▶ [Work instructions]:
Check every line below for the word "sofa" and show those that hold it.

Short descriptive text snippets

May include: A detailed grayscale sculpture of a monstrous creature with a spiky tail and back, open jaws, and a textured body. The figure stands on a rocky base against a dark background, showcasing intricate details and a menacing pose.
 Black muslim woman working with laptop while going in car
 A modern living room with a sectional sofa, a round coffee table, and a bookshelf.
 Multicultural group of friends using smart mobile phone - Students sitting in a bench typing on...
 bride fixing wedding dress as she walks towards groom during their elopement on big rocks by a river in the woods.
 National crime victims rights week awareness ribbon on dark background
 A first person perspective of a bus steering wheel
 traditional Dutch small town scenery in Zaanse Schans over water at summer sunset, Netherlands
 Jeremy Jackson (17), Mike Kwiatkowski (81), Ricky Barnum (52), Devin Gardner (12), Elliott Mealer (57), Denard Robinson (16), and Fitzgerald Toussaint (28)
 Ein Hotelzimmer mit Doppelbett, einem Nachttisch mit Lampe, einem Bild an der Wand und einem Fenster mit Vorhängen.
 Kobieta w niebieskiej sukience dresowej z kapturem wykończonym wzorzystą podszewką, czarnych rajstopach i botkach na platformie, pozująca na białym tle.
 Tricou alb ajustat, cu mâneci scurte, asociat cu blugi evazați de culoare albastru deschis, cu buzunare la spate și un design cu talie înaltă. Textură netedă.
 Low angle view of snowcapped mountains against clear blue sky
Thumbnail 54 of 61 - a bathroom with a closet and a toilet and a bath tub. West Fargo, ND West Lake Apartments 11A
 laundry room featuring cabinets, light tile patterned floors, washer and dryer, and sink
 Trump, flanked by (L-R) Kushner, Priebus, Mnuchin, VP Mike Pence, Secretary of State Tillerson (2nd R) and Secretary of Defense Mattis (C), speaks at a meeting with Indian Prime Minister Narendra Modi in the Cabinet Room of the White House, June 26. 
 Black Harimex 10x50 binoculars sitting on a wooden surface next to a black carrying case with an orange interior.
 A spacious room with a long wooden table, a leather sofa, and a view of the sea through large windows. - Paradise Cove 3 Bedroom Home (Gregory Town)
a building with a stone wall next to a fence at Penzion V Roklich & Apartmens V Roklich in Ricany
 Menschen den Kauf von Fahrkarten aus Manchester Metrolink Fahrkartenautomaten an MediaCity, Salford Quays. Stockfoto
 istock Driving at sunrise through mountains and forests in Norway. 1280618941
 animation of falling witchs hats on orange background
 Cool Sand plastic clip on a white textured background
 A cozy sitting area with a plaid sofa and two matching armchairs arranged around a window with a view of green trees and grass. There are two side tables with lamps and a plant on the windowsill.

▶ [Task output]:
 A modern living room with a sectional sofa, a round coffee table, and a bookshelf.
 A spacious room with a long wooden table, a leather sofa, and a view of the sea through large windows. - Paradise Cove 3 Bedroom Home (Gregory Town)
 A cozy sitting area with a plaid sofa and two matching armchairs arranged around a window with a view of green trees and grass. There are two side tables with lamps and a plant on the windowsill.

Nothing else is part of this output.